MSEL made its initial public offering in 1992 at par and, in November 1993, came out with a rights-cum-public issue, offering FCDs worth Rs 35.5 crore. The company again made a rights-cum-public issue in February 1995 of zero-interest FCDs to the public at a premium of Rs 199 and on a rights basis at a premium of Rs 154, aggregating Rs 7 crore. The issue was to finance its diversification setting up a twin-hotel project and a yarn project.

Misrepresentation of the companys share price in its advertisements led to the Sebi seeking clarifications and the BSE threatening not to grant listing. Coupled with this, the high project cost ultimately led to the devolvement of the issue. Criminal proceedings were initiated against Pavan Sachdeva.

Incorporated in 1982 as Shree Copper Components and renamed as Hindustan Alloys Manufacturing Company, Hamco Mining and Smelting got its present name in 1994. Promoted by BM Patel, it manufactures aluminium alloys, tin metals, ingots, tin lead solders, lead alloy and zinc sacrificial anodes. The company diversified into mining and processing of tin and copper.

Hamco came out with a rights issue in August 1993 to part-finance its diversification into the production of die casting/gravity casting automobile components with a capacity of 9000 tpa. The company defaulted on Rs 310. 87 crore to 14 banks and FIs.

JCT Electronics (JEL), formerly known as Punjab Display Devices (PDDL) and a member of the Thapar group, was promoted by the Punjab State Industrial Development Corporation (PSIDC) in 1976 as a 100% subsidiary to manufacture black and white TV tubes, cathode ray tubes and information display systems. In 1985, Jagatjit Cotton Textile Mills (JCT) joined as co-promoters. JEL became a subsidiary of JCT with effect from April 30, 1986. The company defaulted on Rs 225.79 crore of repayment commitments to 14 banks and FIs, by end-March 2001.

Incorporated in 1946 under the name Jagatjit Cotton Textile Mills, the company was renamed JCT in 1989. It is into textiles, filament yarn, steel and export trade.

In 1998, the company entered into a slump sale agreement with Polysindo Group of Indonesia for sale and hive-off its losing synthetic fibre business. It also commissioned its Wire Rope plant during the year, which has been well-accepted in the market. By hiving off the fibre unit, the company is now focussing on its core business of textiles.

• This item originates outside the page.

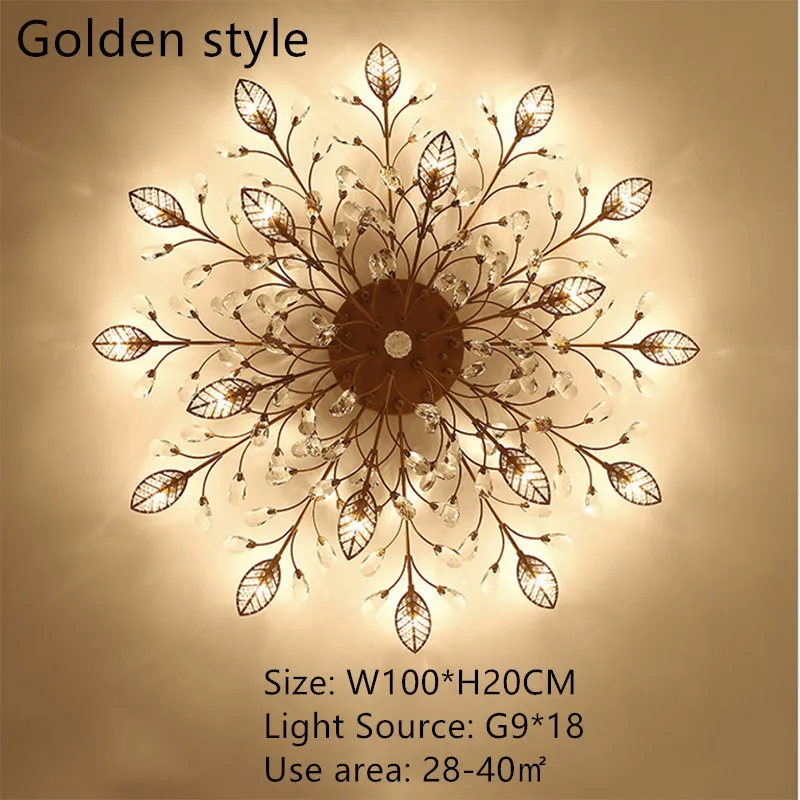 Gold 18 lights Современная кристальная лампа для потолка золотой черный светодиодный кристалл Потолочная люстра светильник для гостиной спальни Кухонные светильники - Цвет корпуса: Gold 18 lights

Alpine Industries was originally set up as Alpine Malt and Breweries and was subsequently renamed as Alpine Solvex in August 1980. In 1983, the Bhandaris took over the company and set up a solvent extraction plant at Pithampur. In October 1994, the company changed its name to Alpine Industries. It came out with a rights issue in May 1992 to part-finance the project to increase its soyabean solvent extraction capacity. The company failed to adhere to its loan payback commitments to eight banks.

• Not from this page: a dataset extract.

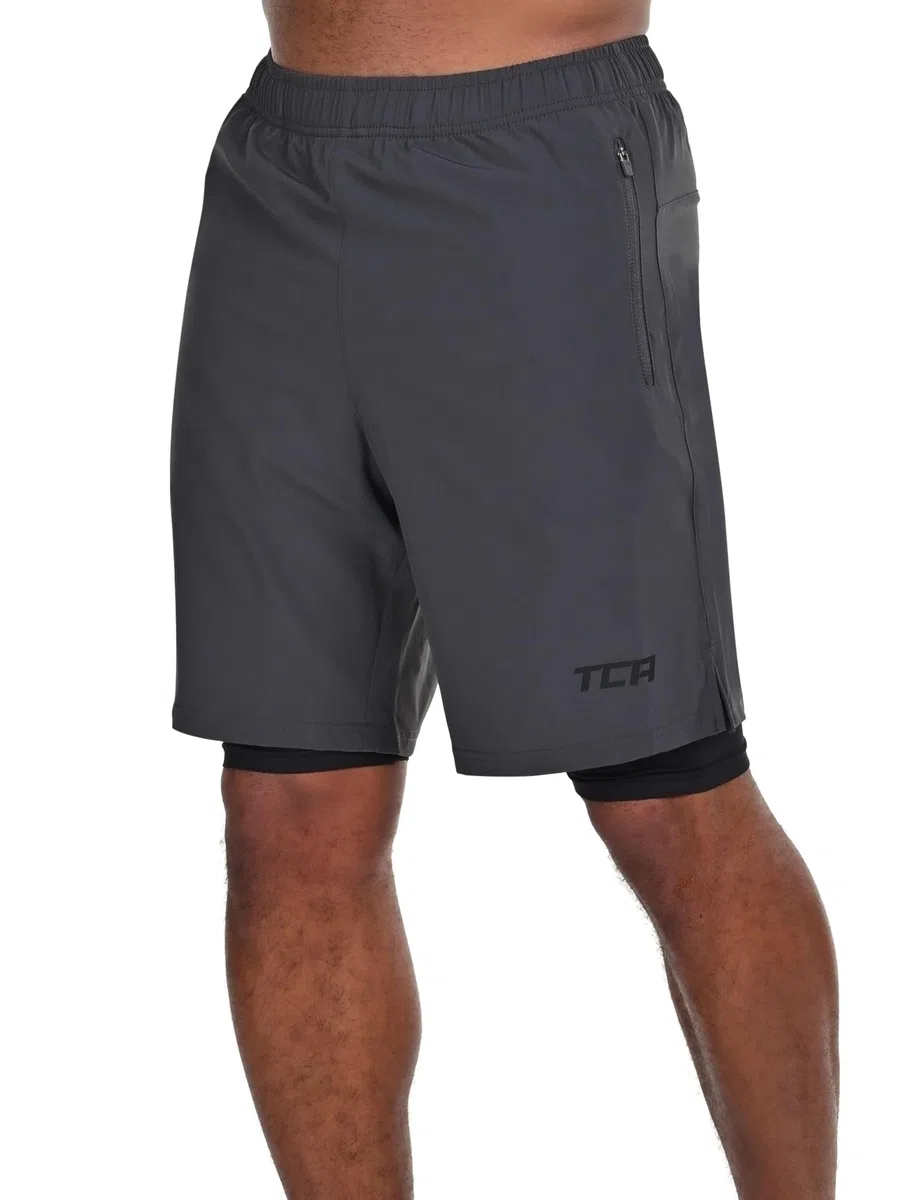 TCA Pantalon Corto Hombre Deporte con Bolsillos y Mallas - Pantalones Cortos Deporte Hombre para Running Gym Padel - Hombre 2 en 1 con Mallas Cortas y 2X Bolsillos con Cremallera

Jaiprakash Industries came into existence in 1986 with the amalgamation of Jaiprakash Associates (P) Ltd (a construction company) and Jaypee Rewa Cement. Both companies were promoted by Jaiprakash Gaur. The amalgamated company went public in 1986. The company had defaulted on three big accounts amounting to Rs 310.6 crore by March 2001.

In March 2001, the company recieved sanction from the Allahabad High Court for its scheme of arrangement, whereby the cement business of the company will stand transferred and vested in its wholly-owned subsidiary, Jaypee Rewa Cement with effect from April 2001. The other subsidiaries are Jaiprakash Hydro-Power and Jaiprakash Power Ventures.

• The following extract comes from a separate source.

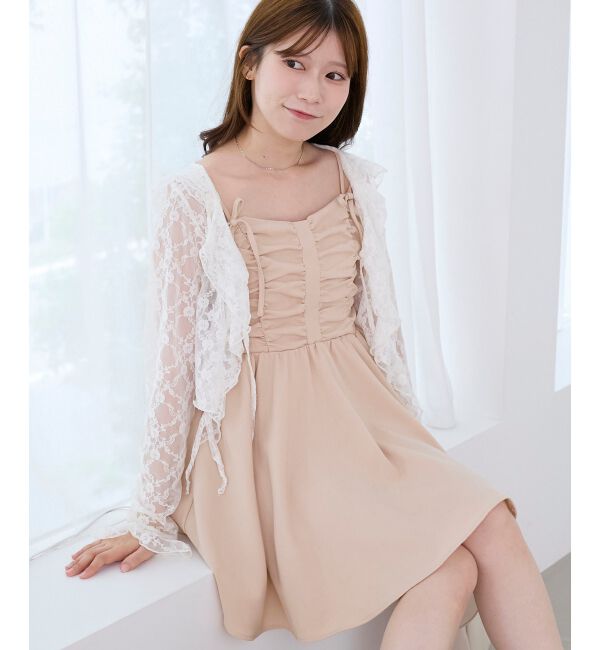  「ふわふわニット&times;ミニワンピセット」|ワンピース|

IG Petrochemicals (IGPL) was incorporated in October 1988. The company was promoted by Mysore Petrochemicals (MPCL) together with its associate companies in technical and financial collaboration with Lurgi, Germany. IGPL came out with a public issue of 1.06 cr equity shares at par aggregating Rs 10.61 cr in September 1991. The proceeds were utilised to part-finance a Rs 61.85-cr 100% EOU for the manufacture of phthalic anhydride with a licensed capacity of 45,000 tpa at Taloja.

Due to the fall in price of Phthalic Anhydride in the international market, the company incurred heavy losses in 2001-02, eroding the networth and the company became a sick unit.